• **WHAT IS NEEDED**
Every line from the one with "Ivory reliquary from" through the end of the entries below must be retyped exactly, and only those lines. The pictures are not part of the copy.

Records from a dataset
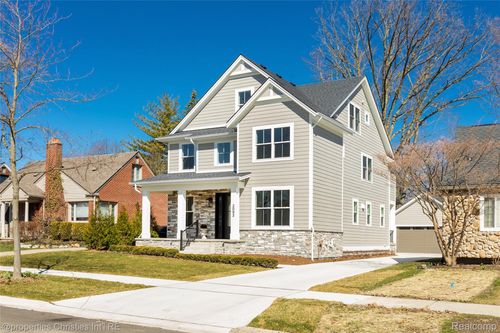 2093 Pembroke Rd, Birmingham, MI, 48009-5828 | Card Image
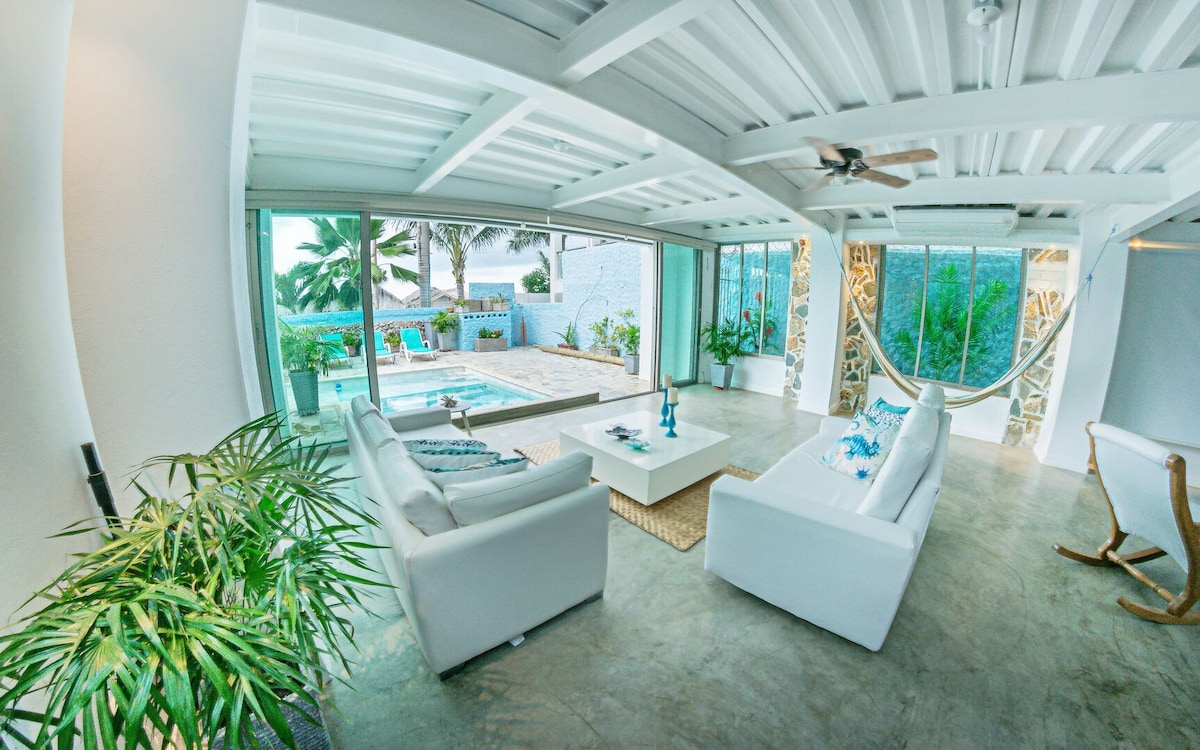 Exclusive 4 Bedroom Beach House with Private Pool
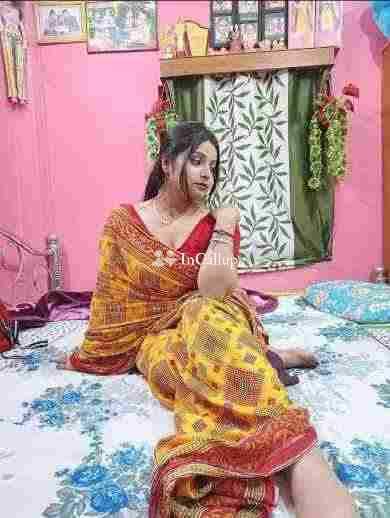 perfect poju nineteen year old call girls companion available for home visits known for being cute - Call Girls in Balurghat
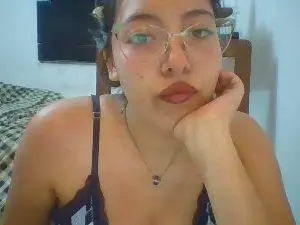 Tiare24  live sex cam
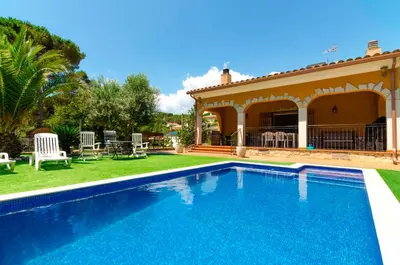 Piscina en o cerca de Club Villamar - Arboc
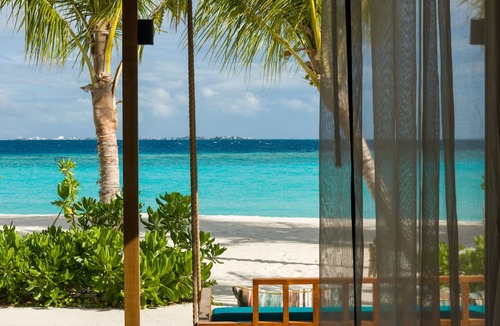 Kuda Vattaru Resort | Hilton Maldives Amingiri Resort & Spa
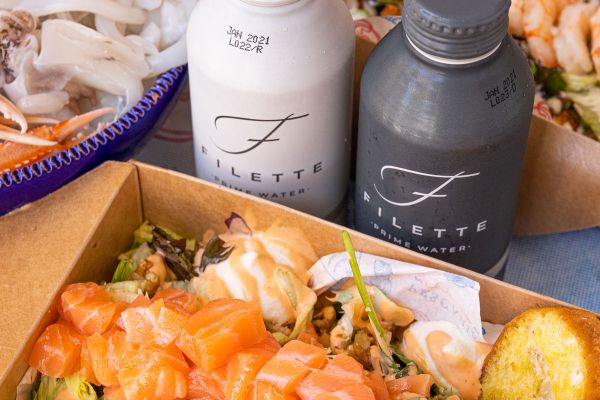 Pescaria Roma: Box con salmone, acqua Filette. Sapori di mare.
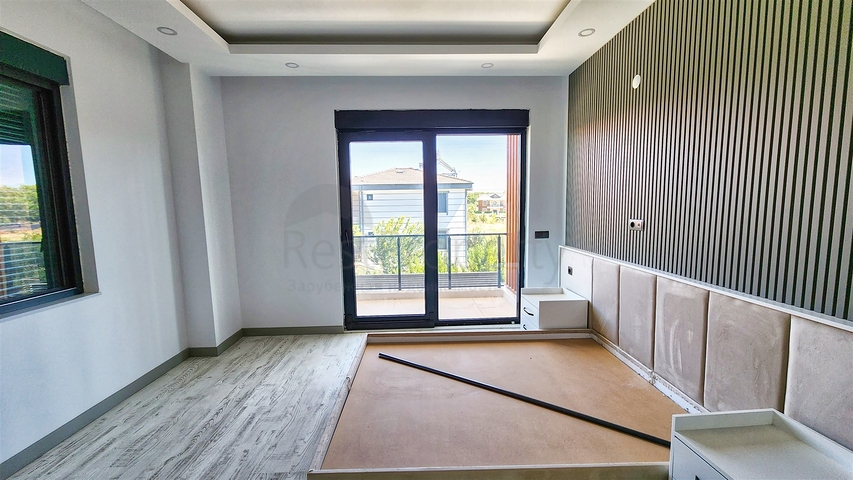 4+1-Villa in der Region Doshemealty - Antalya 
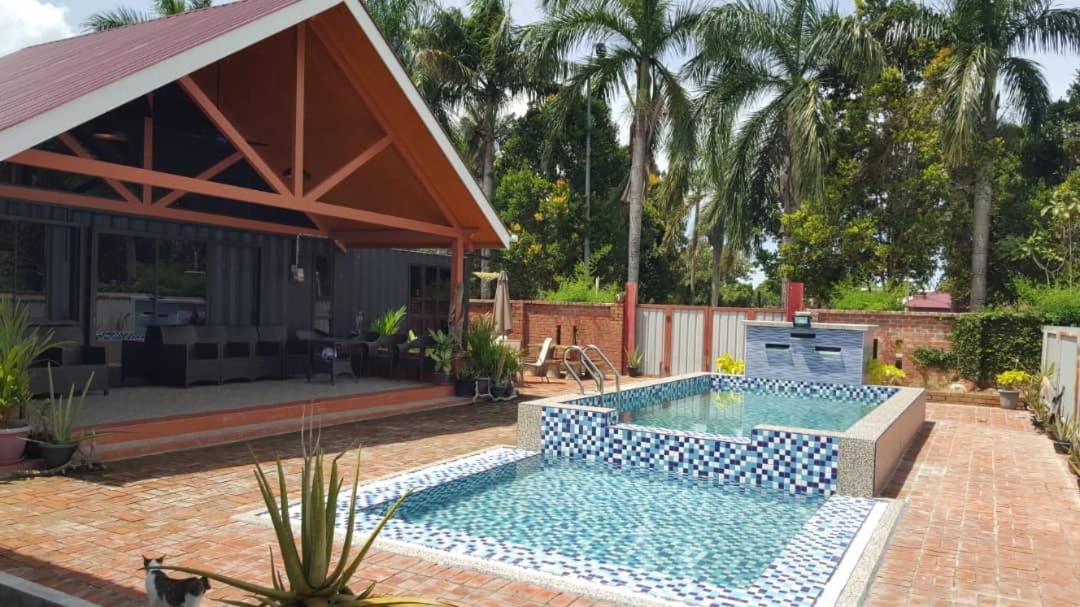 Homestay Umbai Kelana Merlimau Exterior photo
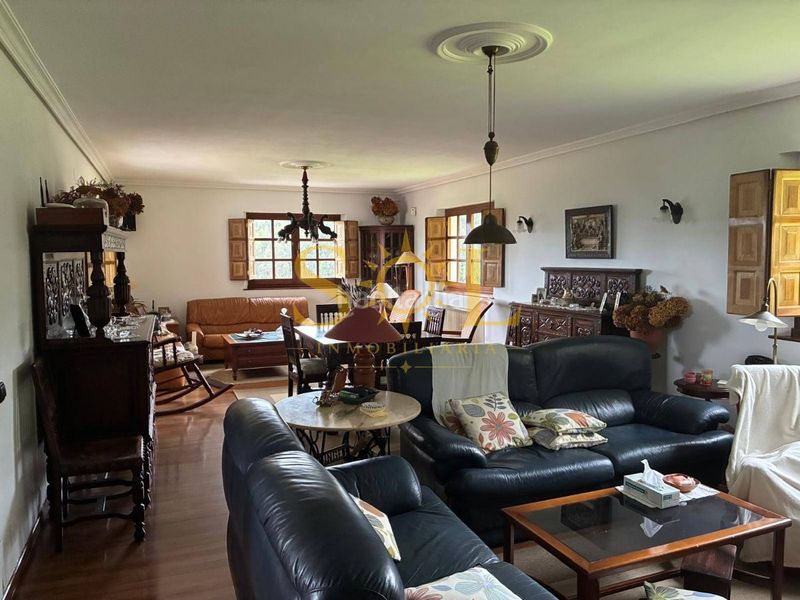 Foto a8136bf8-e21f-469e-95be-105702cb1ee1. Casa amb calefacció aparcament a Pravia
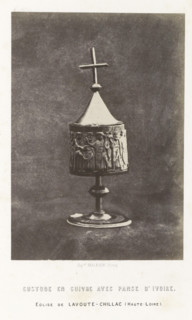Ivory reliquary from Lavoûte-Chilhac, Custode en cuivre avec panse d'ivoire, photograph, page,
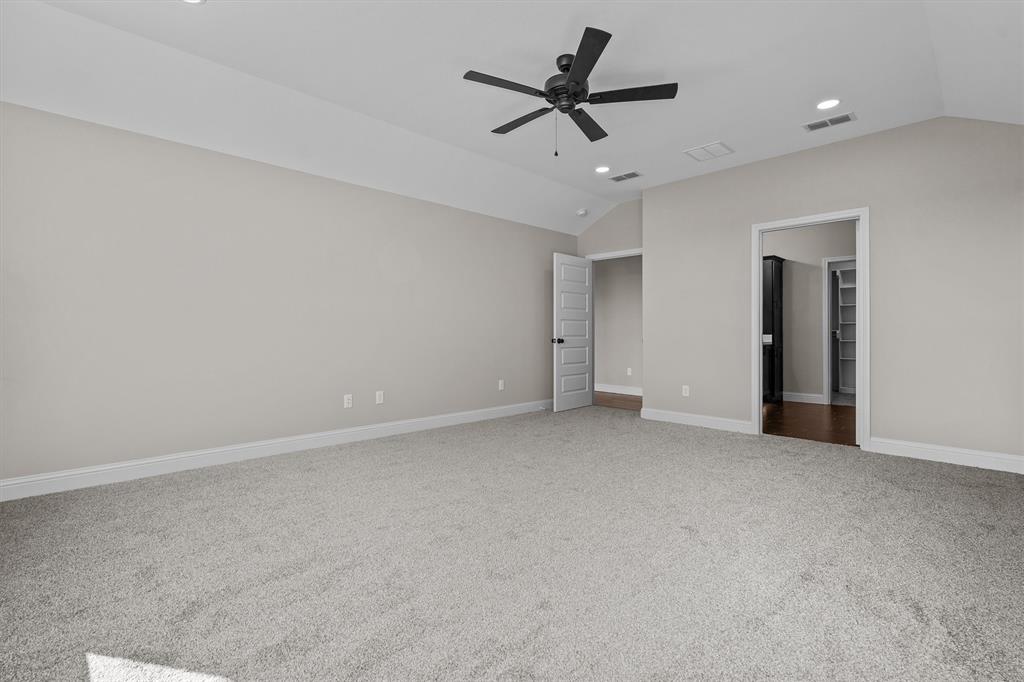 16517 Crossing Circle Property Photo 17
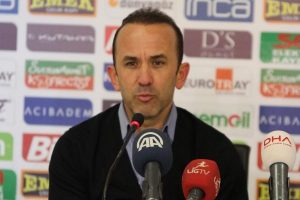 Mehmet &Ouml;zdilek ve futbolculara şok tehdit!
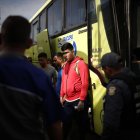 Un grupo de migrantes que esperan su traslado en autobús rumbo a Nicaragua, desde un paso fronterizo en Panamá.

• **YOUR SOLUTION**
Ivory reliquary from Lavoûte-Chilhac, Custode en cuivre avec panse d'ivoire, photograph, page,
 16517 Crossing Circle Property Photo 17
 Mehmet &Ouml;zdilek ve futbolculara şok tehdit!
 Un grupo de migrantes que esperan su traslado en autobús rumbo a Nicaragua, desde un paso fronterizo en Panamá.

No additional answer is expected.